Autoriteit Persoonsgegevens incasseert dwangsom voor het niet tijdig verschaffen van inzage in persoonsgegevens

Via de legal update van Van Benthem & Keulen las ik, dat de Autoriteit Persoonsgegevens (AP) bij bank InsingerGilissen Bankiers een dwangsom van EUR 48.000 heeft ingevorderd, omdat de bank niet tijdig inzage had gegeven in de aanwezige persoonsgegevens van een betrokkene, die daarom had verzocht.
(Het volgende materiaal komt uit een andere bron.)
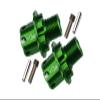 Aluminum 13Mm Hex Adapters For Traxxas 1/8 4WD Sledge Monster Truck 95076-4 - 6Pc Set Green view 1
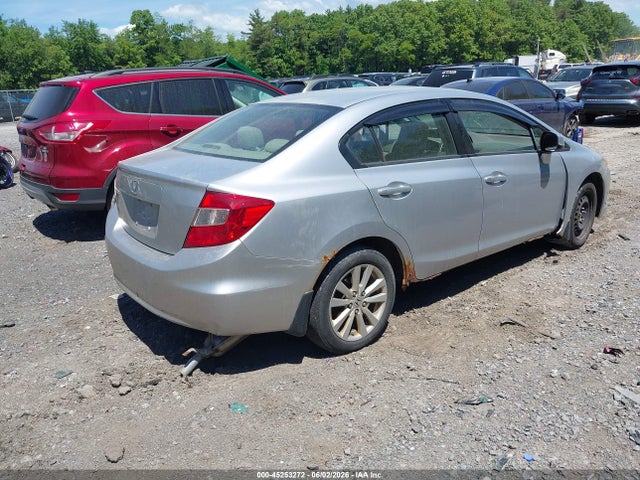 45253272 :رقم المزاد ، 2HGFB2F85CH333938 vin ، 2012 Honda Civic Ex مزاد بيع
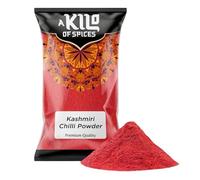 A Kilo Of Spices | Kashmiri Chilli Ground Powder 10kg | Premium Kashmiri Red Chilli Powder for Authentic Flavours | Ideal for Indian Curries, Tandoori, Marinades & Global Cuisine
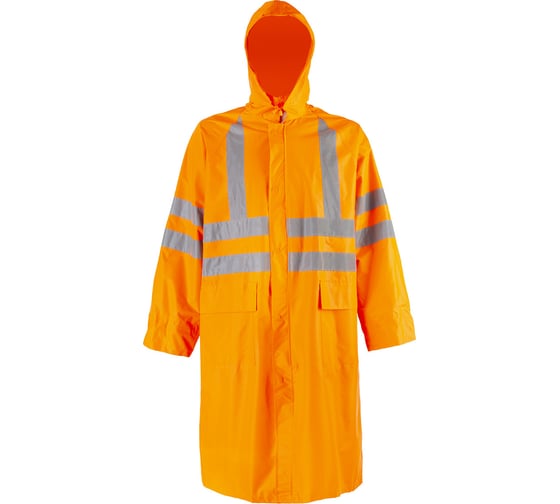 Изображение товара Влагозащитный плащ 2Hands повышенной видимости арт. РP1HV, цвет оранж, р-р 3XL Плащ PР1HV оранж - 3XL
Het betreft weliswaar een casus onder de Wet Bescherming Persoonsgegevens (de voorganger van de AVG), maar onder de AVG bestaat dezelfde bevoegdheid voor de AP en bestaan ook inzagerechten voor betrokkenen.

Het is uitzonderlijk dat de AP tot een dergelijke invordering overgaat; de AP lijkt haar beleid en reputatie dan ook aan te scherpen.

In de dagelijkse praktijk ervaar ik een bepaalde AVG moeheid bij ondernemers na de piek rondom 25 mei 2018, en lijkt de interesse in het onderwerp wat weg te drijven. Deze actie van de AP, maar ook andere maatregelen, zoals het opvragen van het register van verwerkingen bij grotere marktpartijen, geven aan dat de AP haar handhavende taak serieus heeft opgepakt en dat er alleen maar meer te verwachten is.

Voorkom onnodige boetes om die reden, en zorg er voor dat voldaan wordt aan de verplichtingen opgenomen in de AVG, zoals de vereiste vastleggingen, en opbouw van een infrastructuur om te voldoen aan verzoeken van betrokkenen.